--- DATA TO PROCESS ---

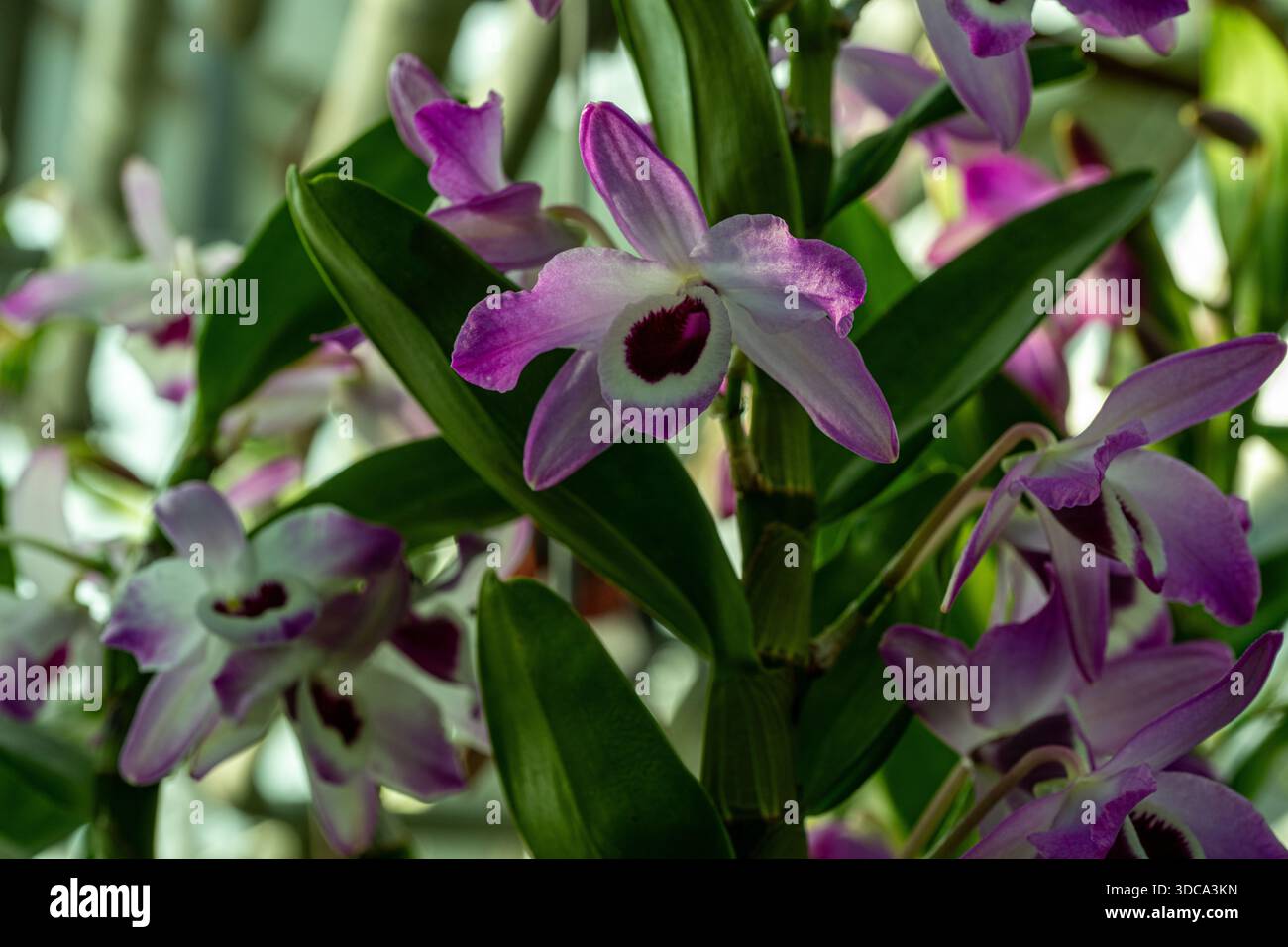 Dendrobium nobile Lindl. Ist eine Orchideenart. Sie ist in Südostasien beheimatet Stockfoto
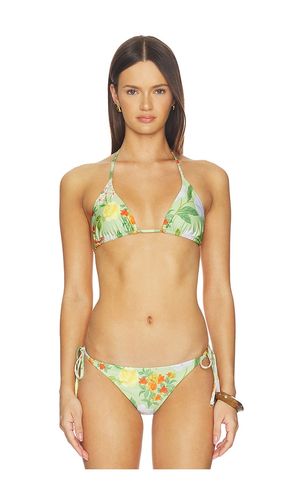 Triangle Bikini Top in Sage. - size L (also in M, XL, XS) - Verandah - Modalova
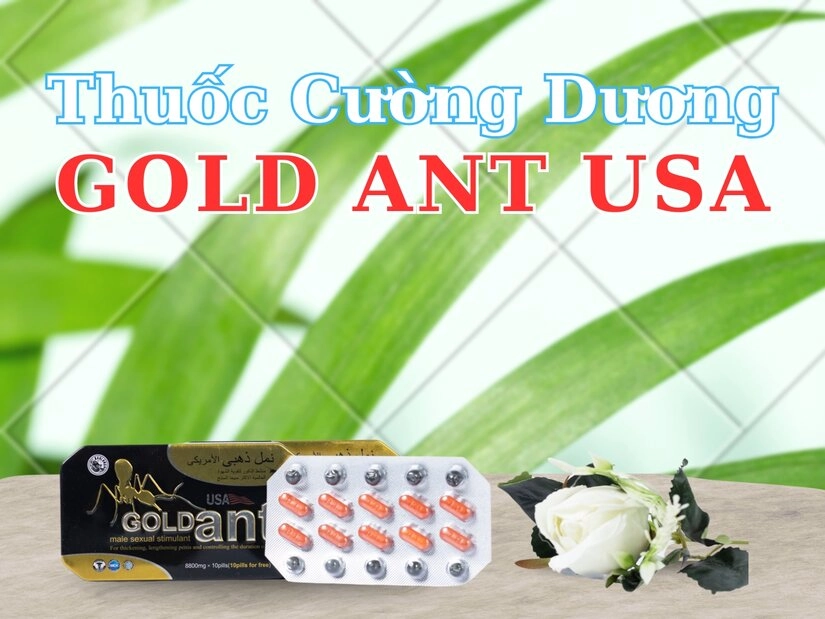 Hướng dẫn sử dụng thuốc cường dương Gold Ant USA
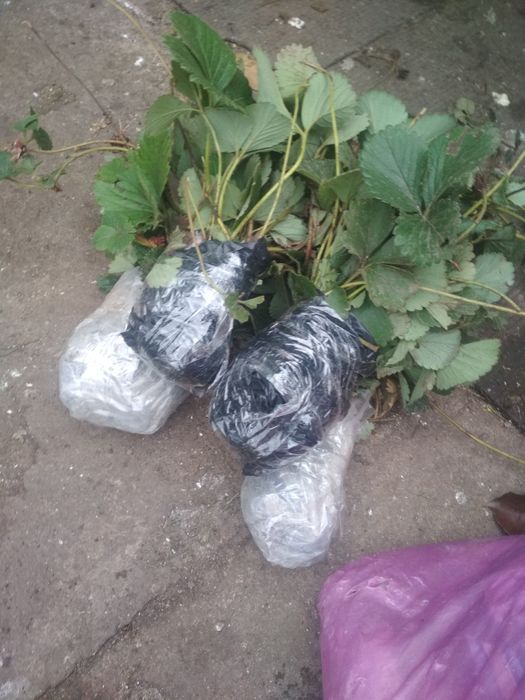 Продаю клубніку чотирьох сортів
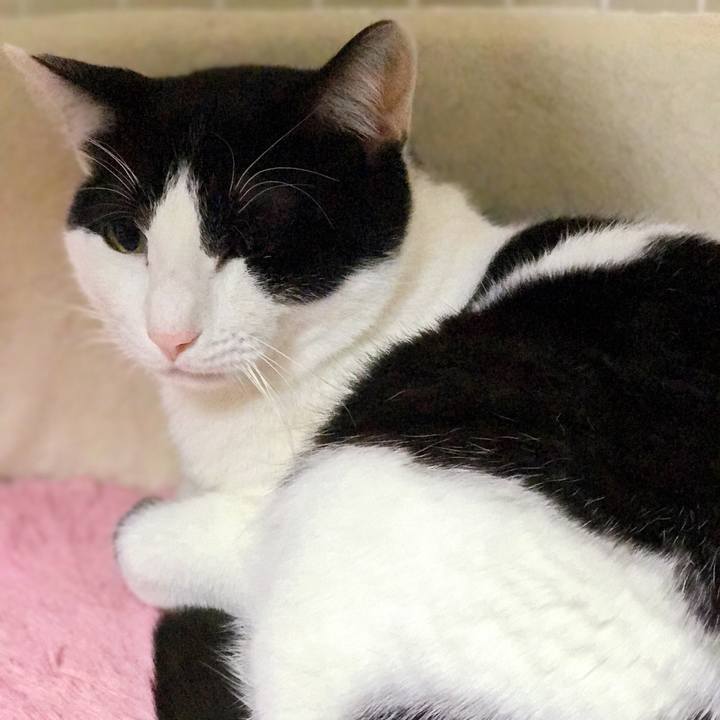 F9c7fd19 c4b9 44c6 9e8e b52c12731f4b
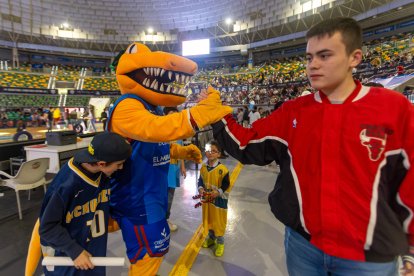 Imagen de la exhibición en el Coliseum.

---

_INSTRUCTIONS TO FOLLOW_
The copy must begin with the line containing "F9c7fd19 c4b9 44c6 9e8e b52c12731f4b", end with the last line of the material, match each line exactly, and hold no pictures.

_RESPONSE TO THIS EXERCISE_
 F9c7fd19 c4b9 44c6 9e8e b52c12731f4b
 Imagen de la exhibición en el Coliseum.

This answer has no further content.